Think about the last time someone shared a belief you disagreed with.
Before they even finished their sentence, your response was ready.
A fact.
A correction.
A counterexample.
And the moment you shared it, the conversation changed.
Today’s episode is about a surprisingly difficult skill in Street Epistemology:
learning when not to tell, and how asking can do more work than explaining ever could.
Learning Objectives
By the end of this episode, you’ll be able to:
Understand why telling often backfires, even when you’re right
Ask questions that explore reasoning without leading or trapping
Recognize when sharing your own views helps, and when it harms
See why silence is not a failure, but a feature of good conversations
Body
Section 1 | Why Telling Backfires
Most of us are taught that good conversations involve sharing information.
So when someone says something we think is wrong, “helping” feels like explaining.
But here’s what often happens instead.
Imagine a family dinner.
Someone says:
“I just don’t trust vaccines.”
You respond immediately:
“Actually, that’s been thoroughly studied and proven safe.”
Even if that statement is accurate, the effect is predictable.
The other person:
Feels corrected
Feels talked at
Feels the need to defend
Telling shifts the conversation from exploration to opposition.
Street Epistemology avoids this not because information is bad, but because timing matters.
Section 2 | Asking Without Leading
Asking questions sounds easy.
Asking well is not.
Leading questions sneak conclusions into the question itself.
For example:
“Don’t you think that’s just confirmation bias?”
That’s technically a question, but it feels like an accusation.
Street Epistemology favors open, neutral questions, like:
“What led you to that conclusion?”
“How did you decide that was reliable?”
“What’s the strongest reason for that belief?”
These questions invite explanation rather than defense.

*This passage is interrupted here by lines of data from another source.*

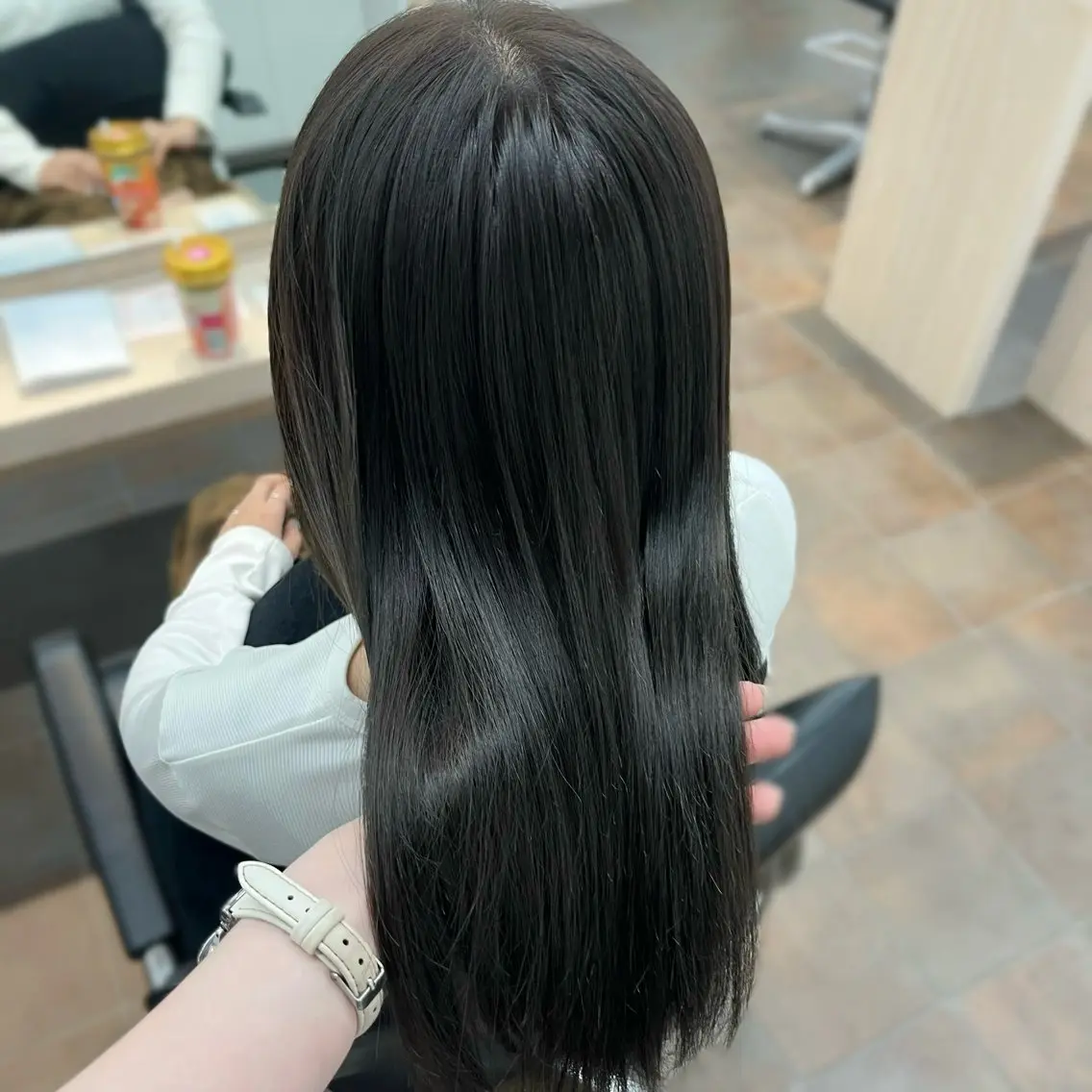 ロング カラー 透明感カラー グレージュ オリーブグレージュ オリーブグレー ヘアカラー 透明感♡艶髪カラー/ Kazuha🎀のヘアスタイル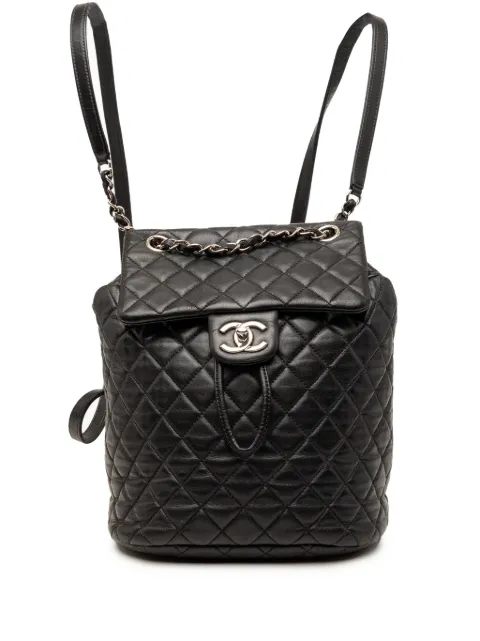 CHANEL Pre-Owned 2016-2017 Small Lambskin Urban Spirit backpack Black J51AZTM7TMZ5B9ZZ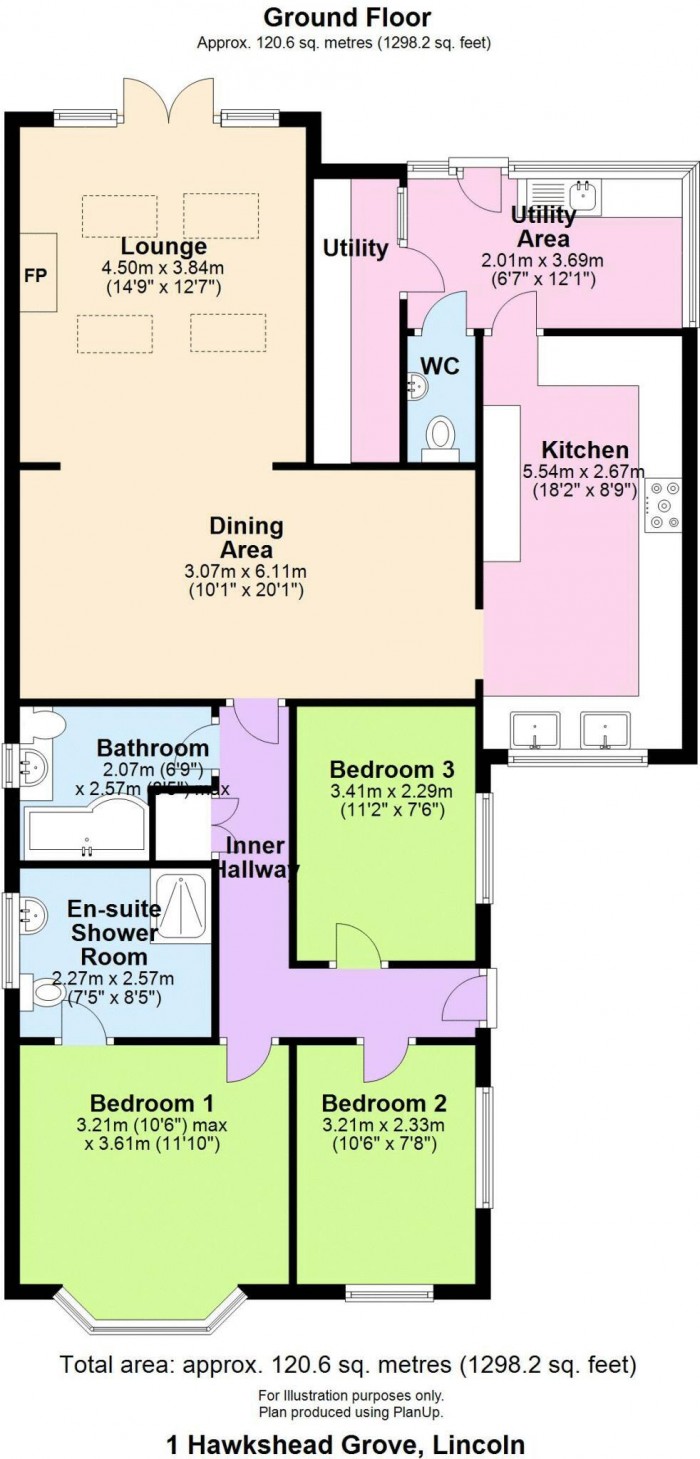 Floorplan for Hawkshead Grove, Lincoln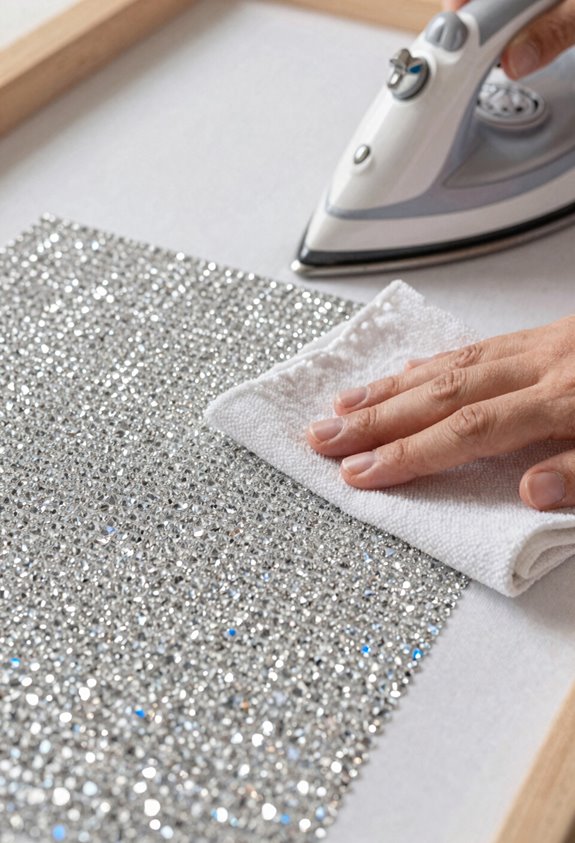 7 Easy Ways to Get Creases Out of Diamond Art Canvas 2 roll canvas flat by rolling both directions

They leave room for the other person to think, not just respond.
Section 3 | Everyday Scenario: Work and Online Spaces
Let’s look at a workplace example.
A coworker says:
“This new policy is going to be a disaster.”
The instinct is to counter:
“No, it won’t, leadership thought this through.”
An SE-style response might be:
“What part of it concerns you most?”
That single question:
Slows the conversation
Signals respect
Focuses the discussion
Online, the difference is even clearer.
Telling escalates.
Asking often de-escalates or at least reveals where the real disagreement is.
Section 4 | When Sharing Your Views Helps or Harms
Street Epistemology doesn’t ban sharing your own views.
It asks you to be intentional.
Sharing helps when:
Rapport is strong
The other person asks
Your view clarifies process, not conclusions
Sharing harms when:
It shifts the focus to defending your position
It raises social pressure
It turns the conversation into a debate
A helpful check-in is:
“If I share this, will it help them reflect, or will it make them defend?”
If it’s the second one, it’s usually better to hold back.
Section 5 | Silence Is a Feature, Not a Bug
One of the hardest moments in an SE conversation is silence.
You ask a question.
The other person pauses.
No one speaks.
Our instinct is to fill the space.
Street Epistemology treats silence differently.
Silence often means:
Thinking is happening
Assumptions are being examined
Reflection is underway
Jumping in too quickly can interrupt that process.
In everyday conversations, silence feels awkward.
In SE, silence is often productive.
Mini Recap
Let’s recap the key ideas from this episode:
Telling often triggers defense instead of reflection
Good questions invite explanation, not compliance
Leading questions feel like traps, even when subtle
Sharing your views requires careful timing
Silence can signal thinking, not failure
If you want deeper conversations, resist the urge to explain, and learn to ask instead.
Closing
In the next episode, we’ll talk about something many people overlook entirely, knowing when to stop.
Because sometimes the most respectful, effective move isn’t one more question…
…it’s ending the conversation well.
Until then, notice how often you feel the urge to jump in with an answer.
That urge is often the exact moment when a question would do more good.